◆ EXERCISE GOAL
Every entry gets copied exactly. No images go into the copy.

(Web page caption snippets)

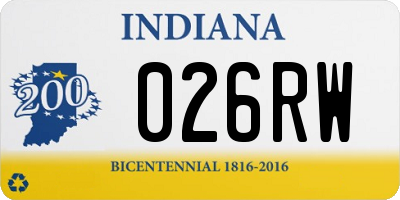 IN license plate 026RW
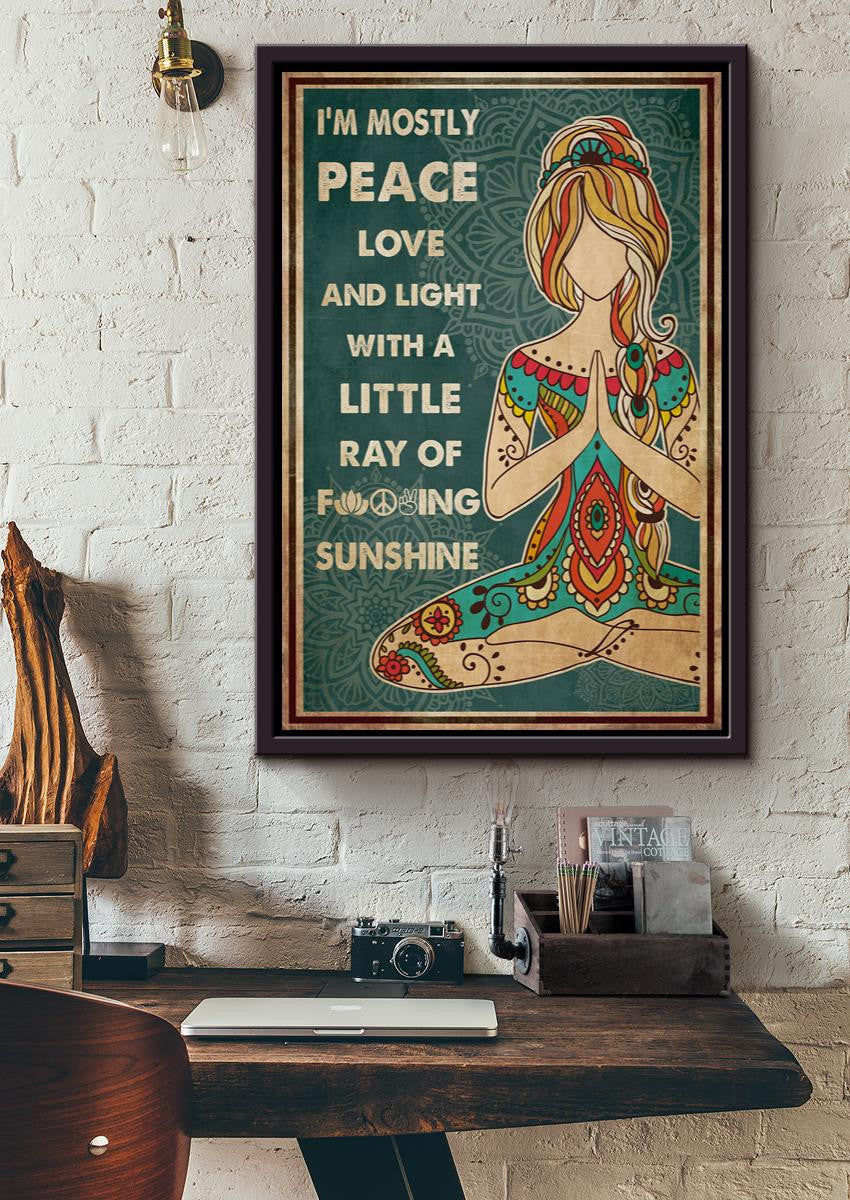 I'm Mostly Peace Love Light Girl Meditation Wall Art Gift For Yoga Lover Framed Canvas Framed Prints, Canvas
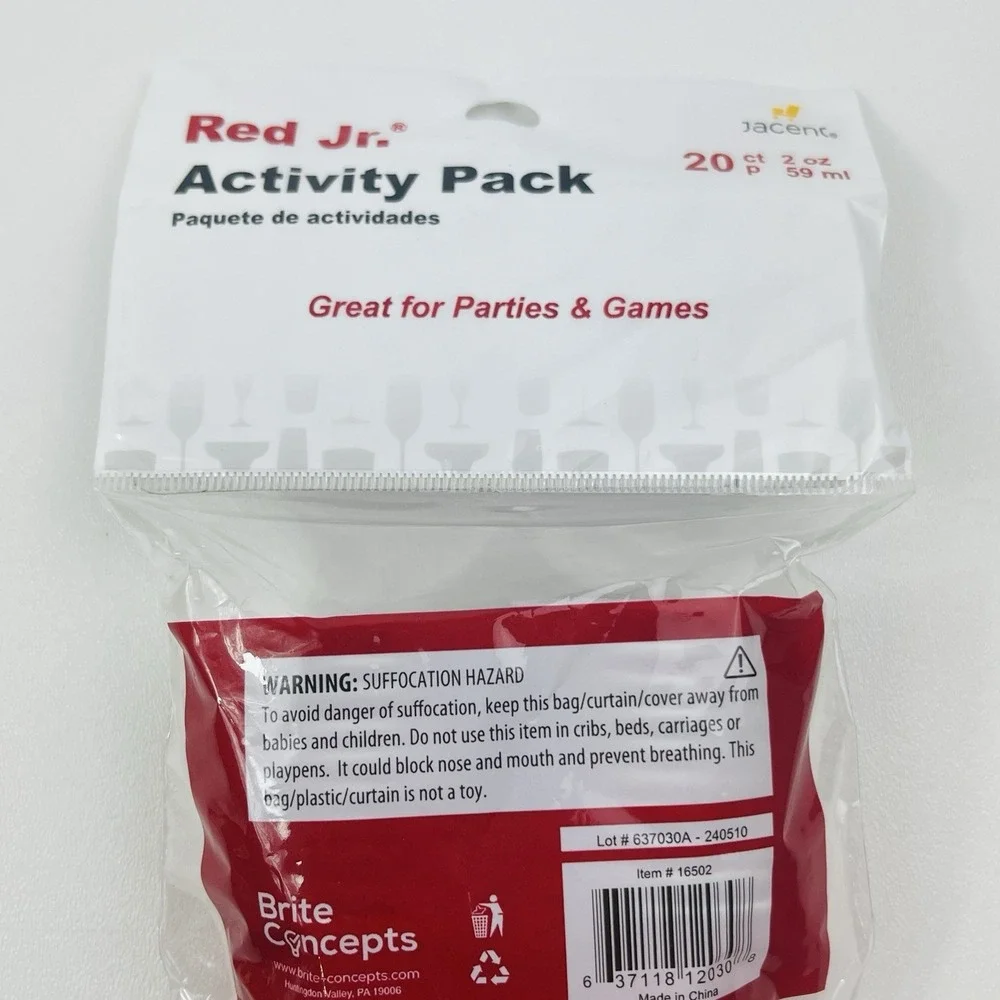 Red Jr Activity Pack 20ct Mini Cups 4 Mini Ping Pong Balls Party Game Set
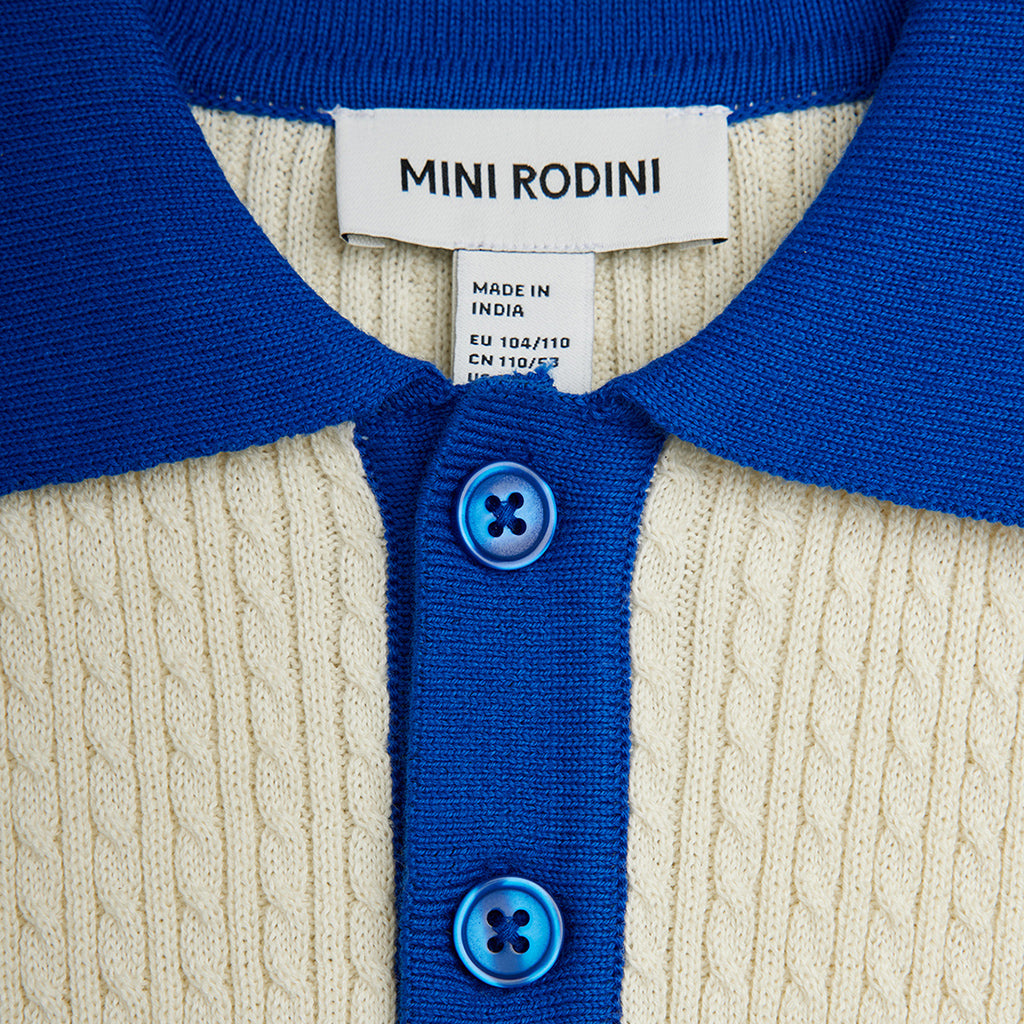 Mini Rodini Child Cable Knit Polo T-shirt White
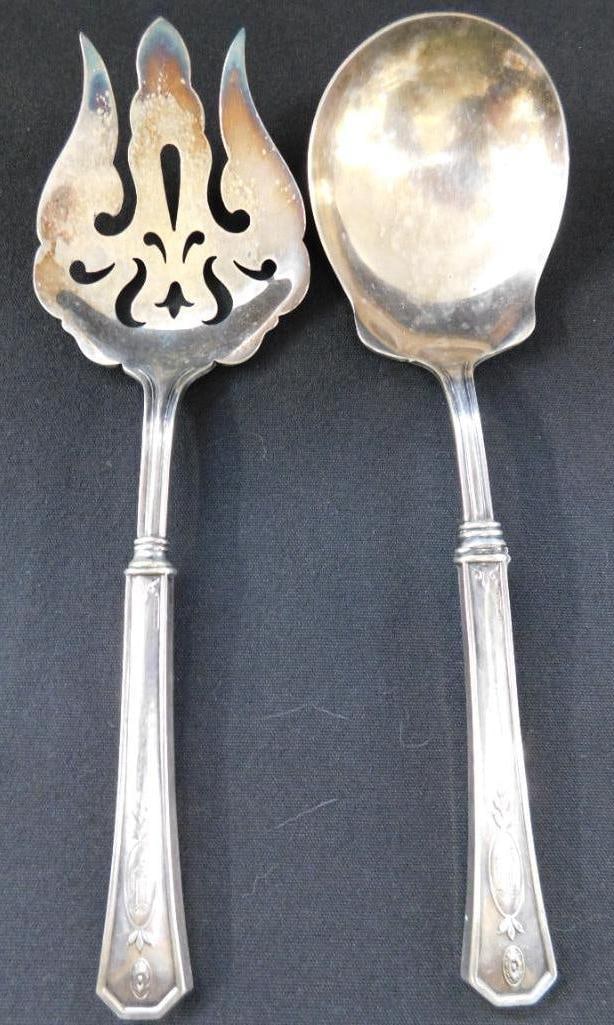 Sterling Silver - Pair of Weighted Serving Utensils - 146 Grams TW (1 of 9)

◆ SOLUTION
 IN license plate 026RW
 I'm Mostly Peace Love Light Girl Meditation Wall Art Gift For Yoga Lover Framed Canvas Framed Prints, Canvas
 Red Jr Activity Pack 20ct Mini Cups 4 Mini Ping Pong Balls Party Game Set
 Mini Rodini Child Cable Knit Polo T-shirt White
 Sterling Silver - Pair of Weighted Serving Utensils - 146 Grams TW (1 of 9)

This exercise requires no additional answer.